Título: Esperança que desmorona
Autor: Suely Caldas
Fonte: O Estado de São Paulo, 11/12/2005, Economia & Negócios, p. B2

O governo Lula tem deixado escorregar entre os dedos a rara oportunidade de conduzir a economia brasileira ao crescimento progressivo, firme, sem recuos nem hesitações. Seja por incompetência, despreparo, brigas internas, corrupção ou crise política, o fato é que o governo está desperdiçando os ventos favoráveis que sopram no mundo inteiro e têm permitido taxas de crescimento acima de 6% na China, na Índia, na Rússia, na Argentina, no Chile, no México e na Venezuela. A dor da queda de 1,2% no produto interno bruto (PIB) no terceiro trimestre ainda era forte quando foi intensificada, na semana passada, pela constatação do Ipea de que, em 2005, o investimento produtivo não vai mais crescer 10,9%, como se imaginava em janeiro, tampouco 5,3% (previsão de setembro), mas ficará limitado à medíocre taxa de 0,9%. É certo que a teimosia do Banco Central em manter a taxa de juros elevada influenciou, mas a falta de um programa de governo, a indefinição de rumos, os desencontros confusos entre ministros, a oposição aberta do PT à política econômica, a corrupção, a entrega de estatais a aproveitadores, a inexperiência para governar um país da dimensão do Brasil, tudo isso levou insegurança às empresas e ao adiamento de investimentos, comprometendo o desempenho futuro da economia em 2006.

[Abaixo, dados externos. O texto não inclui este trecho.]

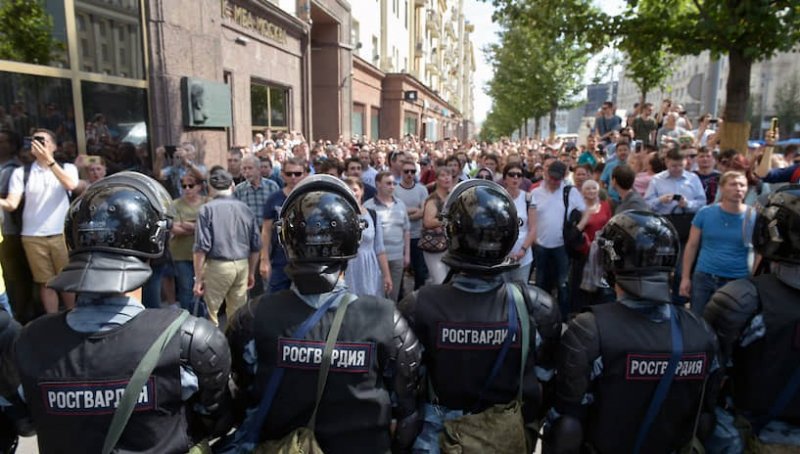 Полиция задержала более 500 человек на акции протеста в Москве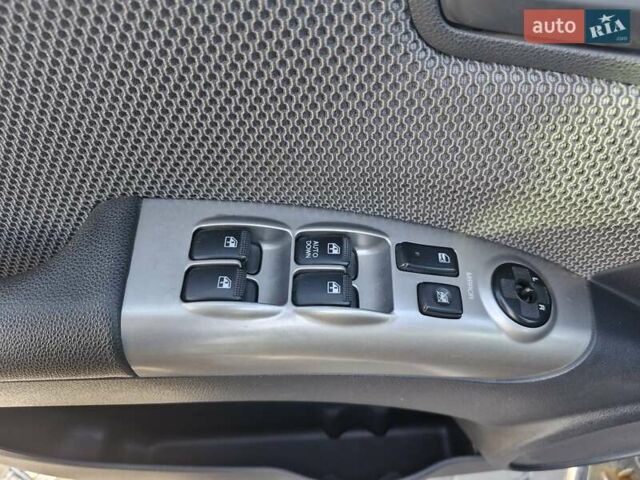 Черный Киа Sportage, объемом двигателя 2 л и пробегом 202 тыс. км за 8300 $, фото 40 на Automoto.ua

Até a descoberta do valerioduto, a boa condução da política econômica, por si só, foi suficiente para as empresas recuperarem a confiança no governo Lula. Foi assim que, a partir de setembro de 2003, produção, renda e consumo cresceram, indústrias construíram novas fábricas e o investimento privado voltou, impulsionado pela pressão da demanda. Já o investimento público não acompanhou, empacou, seja porque o governo escolheu aplicar recursos em gastos correntes (viagens, contratação de pessoal, etc.) e sacrificar investimentos, seja porque não dispunha de planejamento nem de projetos definidos para investir e os ministérios não sabiam o que fazer com o dinheiro que lá chegava.

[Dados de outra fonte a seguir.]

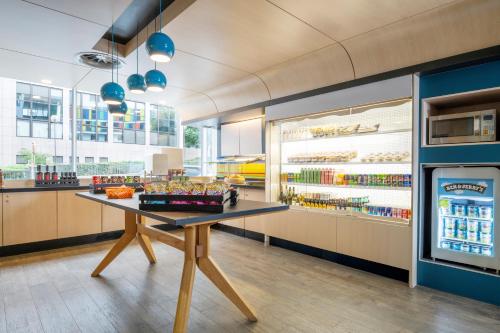 een toonbank in een winkel met een tafel en een koelkast bij Pestana Brussels Schuman in Brussel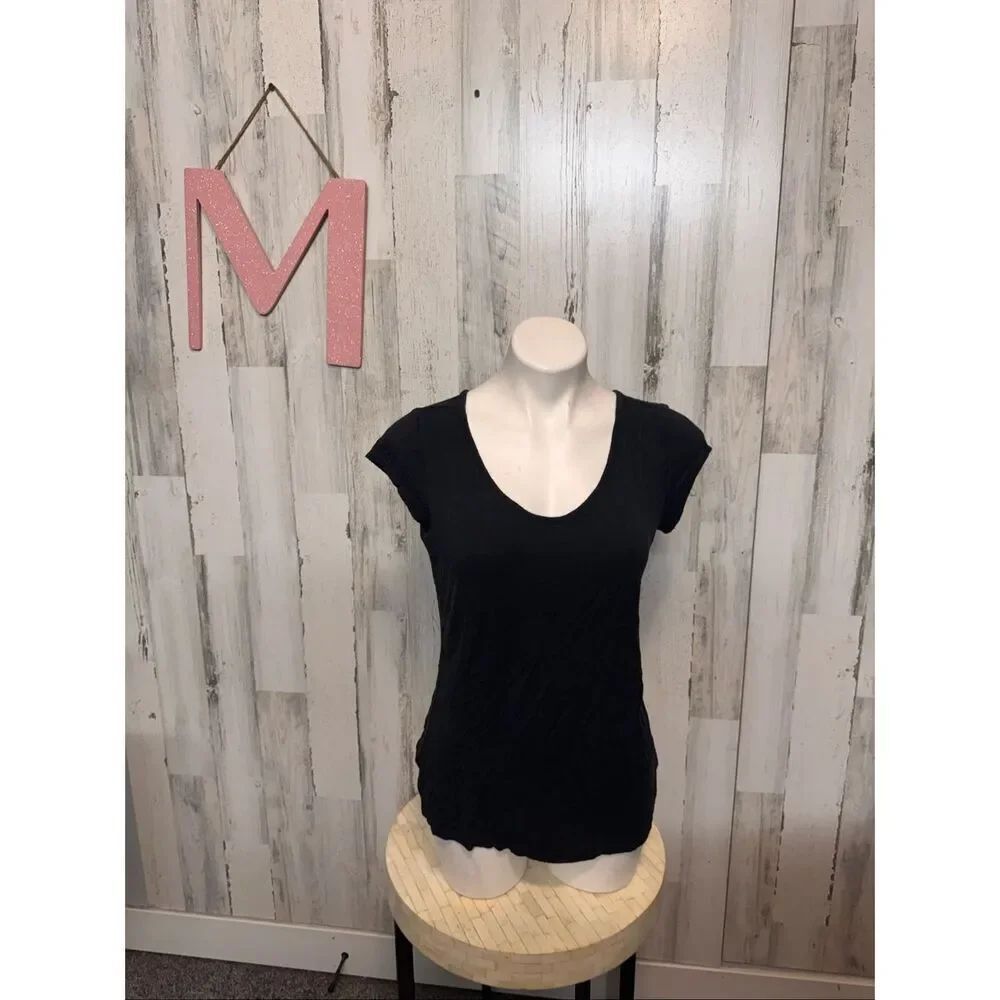 Maurices 24/7 Black Scoop Neck T Shirt Size Medium Stretch Basic Short Sleeve Te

Quando as peraltices de corrupção do PT começaram a ser desvendadas, a partir de junho deste ano, o País esperou o pior. Mas, felizmente, a economia resistiu, não sucumbiu, como ocorreu nas crises vividas pelo governo FHC. Inflação, risco País, câmbio, Bolsa de Valores e outros indicadores macroeconômicos continuaram intocados e controlados. Mas as empresas passaram a desconfiar do futuro, perceberam que o governo parou e se atrapalhava na administração da crise, o Congresso deixou de aprovar leis, normas que regulam investimentos corriam risco de mudar, a crise política desencadeou a desconfiança e projetos de investimentos voltaram para a gaveta. O efeito desse quadro foi conhecido agora, com a divulgação da queda do PIB e da projeção para investimento.

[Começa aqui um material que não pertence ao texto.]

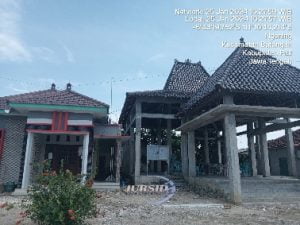 Diduga Kadesnya Mabuk Begenggek, Kantor Desa Ngening Sepi Bak Kuburan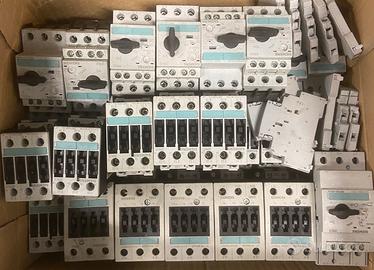 Teleruttori e salvamotori siemens vari pezzi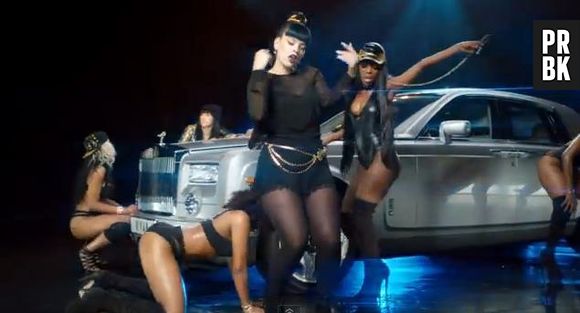 Lily Allen : le clip de Hard Out Here s'en prend à Miley Cyrus, Rihanna, Britney Spears ou encore Robin Thicke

Acuado, desnorteado e tentando fugir das acusações de corrupção, o PT partiu para o que gosta de fazer: atacar. Mas, por falta de alvo certeiro, escolheu como inimigos o companheiro petista Antonio Palocci e sua política econômica - justamente o que deu certo no governo. Denúncias contra sua administração em Ribeirão Preto enfraqueceram Palocci e deram ânimo para outros ministros reforçarem o coro dos ataques do PT. O presidente Lula não freou e discretamente até tem estimulado o conflito. Lula e o PT querem ignorar, mas ajudaram a construir um ambiente de incertezas especialmente propício à queda do investimento. Quem tinha intenção de investir olha ao redor, pára, pensa e escolhe a cautela: melhor não decidir agora, esperar passar a confusão.

E a confusão vai continuar porque há uma eleição pela frente - e eleição é o anabolizante, o fermento que alimenta, anima, dá alegria, gera conflitos e ocupa o tempo do PT. A disputa entre Marta Suplicy e Aloizio Mercadante pelo governo de São Paulo é uma pequena mostra. E a eleição também abriu tardiamente os olhos de Lula para os esquecidos e desprezados investimentos públicos em infra-estrutura. Se não investir agora, não terá obras para inaugurar em 2006. Mas como gastar com eficácia? Eis a questão para a qual o governo Lula não tem resposta. E, como já assumiu ares de questão de honra para o governo reduzir o superávit primário para 4,25%, é grande o risco de haver desperdício de dinheiro em projetos não prioritários e arranjados às pressas. Triste desenlace para um governo que começou com a esperança de muitos milhões de brasileiros.